The vineyards also overlook the landscapes of Monte Amiata, another important micro environment factor. Monte Amiata is a tall mountain over 1700 meters above sea level. And it protects the vineyards from extreme hailstorms that could potentially destroy them. 

We hear all the time about the natural disasters that destroy the vineyards in places like Napa Valley. That simply doesn’t happen in Montalcino. 

Clara’s vineyards also lay on steep hilly terrain, rich in ferrous limestone clay, and well endowed with minerals. This soil composition is what gives it a bright red color. 

That’s why the estate’s Toscano Rosso blend is called “Le Terre Rosse” or “The Red Lands,” referring to the red sandy soils.

The inside scoop in Montalcino is that producers are seeking out this soil type. 

That’s because it produces Brunello grapes that make the wine big, powerful, perfumed, complex, and deeply concentrated. Everything that wine lovers are looking for in a Brunello.
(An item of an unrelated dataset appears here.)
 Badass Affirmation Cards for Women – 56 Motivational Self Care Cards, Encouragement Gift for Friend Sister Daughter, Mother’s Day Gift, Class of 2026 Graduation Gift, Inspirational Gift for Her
The red soil of Montalcino is very rare. It’s only found in the Southern part of the appellation. But even then, only a few producers have access to it. 

I don’t know if Clara’s grandfather knew how rich the land was when he bought it but it appears he struck red gold.  

In this terrain and under these climatic conditions Sangiovese, trained with spurred cordon, finds one of its greatest expressions. The estate has 5 hectares of vineyards of which 2.80 hectares are Brunello. The remaining are used for making Rosso Di Montalcino and the lesser known Sant’Antimo DOC. 

5. Corte dei Venti Cellar And Vinification

The philosophy of the estate is organic farming with minimal to zero intervention in the cellar. Most of the work is really caretaking the land. 

The harvest at Corte dei Venti takes place only when the grapes have reached complete ripeness. Each cluster is hand-picked and hand-selected for all their wines including the Brunello di Montalcino. 

This is why the estate is one of the smallest Brunello vineyards in Montalcino. It’s not by accident. It’s all about managing and controlling the vineyard by hand so the wine can reach its maximum potential. 

Most of the cellar is built underground and is temperature and humidity controlled. It’s divided into 2 distinct areas, one part for vinification in steel tanks and the other for aging in large 25 hl oak barrels. For Brunello di Montalcino large oak casks and small French barriques for Rosso di Montalcino and Sant’Antimo Rosso. 

Their cellar is where you can breath the scents of wine, which rest for a long time. The vinification takes place with soft pumping over and delestage at a controlled temperature of up to 24 ° C, with maceration on the skins, depending on the type of wine and grape variety, ranging between 12 to 28 days. The period of aging in wood is preceded by the malolactic fermentation which takes place in steel and by the natural decanting phase during the winter.

Corte dei Venti produces and bottles at the origin a limited 10,000 bottles of Brunello di Montalcino depending on the vintage. 

6. Confluence Of Nature In Montalcino

Sun, Wind, Red Lands, Slopes And Sea. The Court of the Winds represents the confluence of natures best elements in Montalcino. You’re just one sip away from tasting red gold.